The information is quite interesting, though not as beneficial as I predicted in estimating an ice out date for this year.
You see, there are simply too many factors to consider when attempting to guess when the ice will disappear.
Though ambient temperature plays a role in the melting process, wind and rain can actually cause more damage - or make more progress - depending on your affinity for ice.
Young's data shows that the earliest ice out date for Fish Hook Lake was April 10 in 1981 and 1992, while the latest ice out date was May 5 in 1979.
Do keep in mind that the data doesn't span centuries, but is still relevant to our weather cycle this year.
Other early and late ice out dates for area lakes include Lake Belle Taine (April 11, 1992 & May 6, 1975/1996); Portage Lake (April 5, 2000 & April 25, 2001); Long Lake (April 8, 2000 & May 7, 1979); Straight Lake (April 7, 1981 & May 8, 1975); Big Sand (April 17, 1992 & May 6, 1975) and Eagle/Island (April 12, 1987 & May 4, 2008) .
As you can see, when the conditions are most and least perfect for eradicating ice from the lakes, the difference between early and late ice out is only three to four weeks.
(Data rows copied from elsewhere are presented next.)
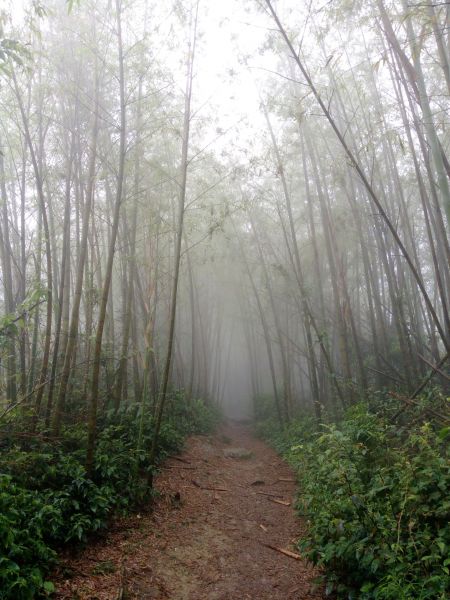 雲嘉大尖山131513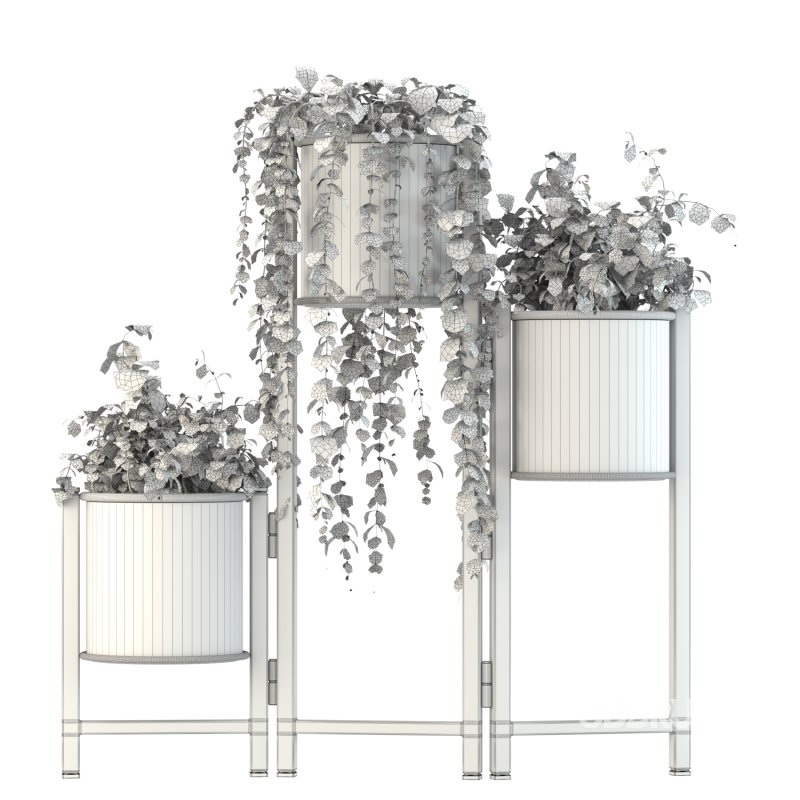 Plant Set 03 Image 2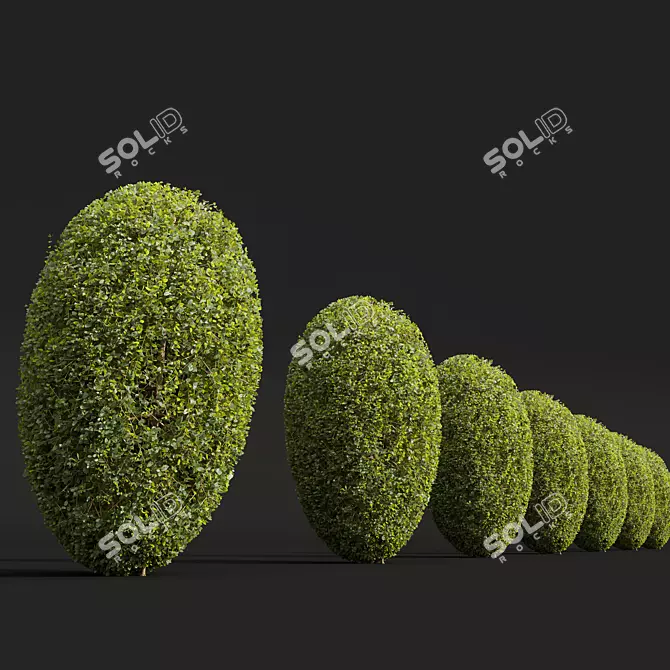 Ficus Concinna Bonsai Duo 3D 3D model image 3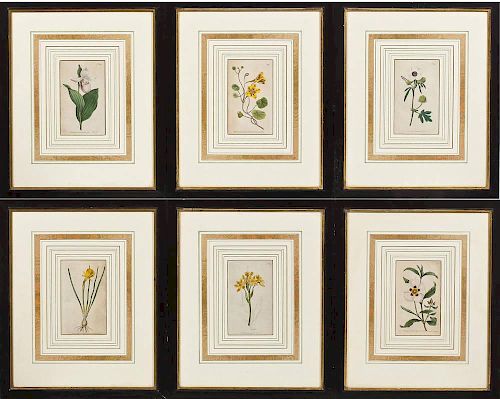 Group of 6 Colored Botanical Engravings W. Curtis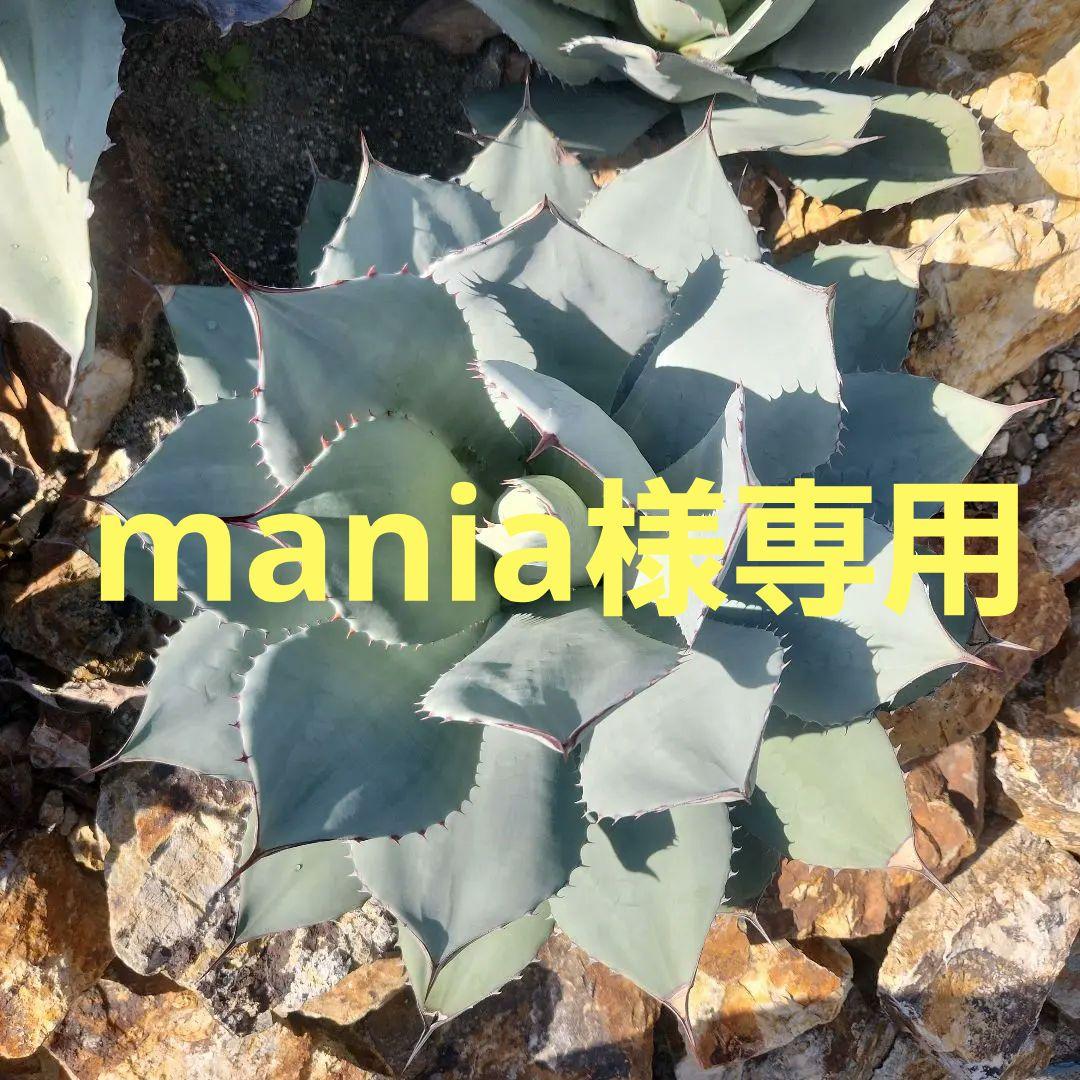 パリートランカータ　大株 うわぁこのアガベめっちゃかっこいい…40cmの大株ってやばくない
As for today, the ice is still on our lakes. In fact, some anglers are deftly maneuvering on the honeycombed ice to find some late-season panfish. However, the ice is disappearing quickly and an access with only a couple feet of exposed water between the shoreline and the ice sheet can quickly grow to a span of several feet throughout the course of an afternoon. Without the aid of a long 2-by-10 board, you'll have wet feet - or worse. In other words, use utmost caution if you decide to go on a final trip.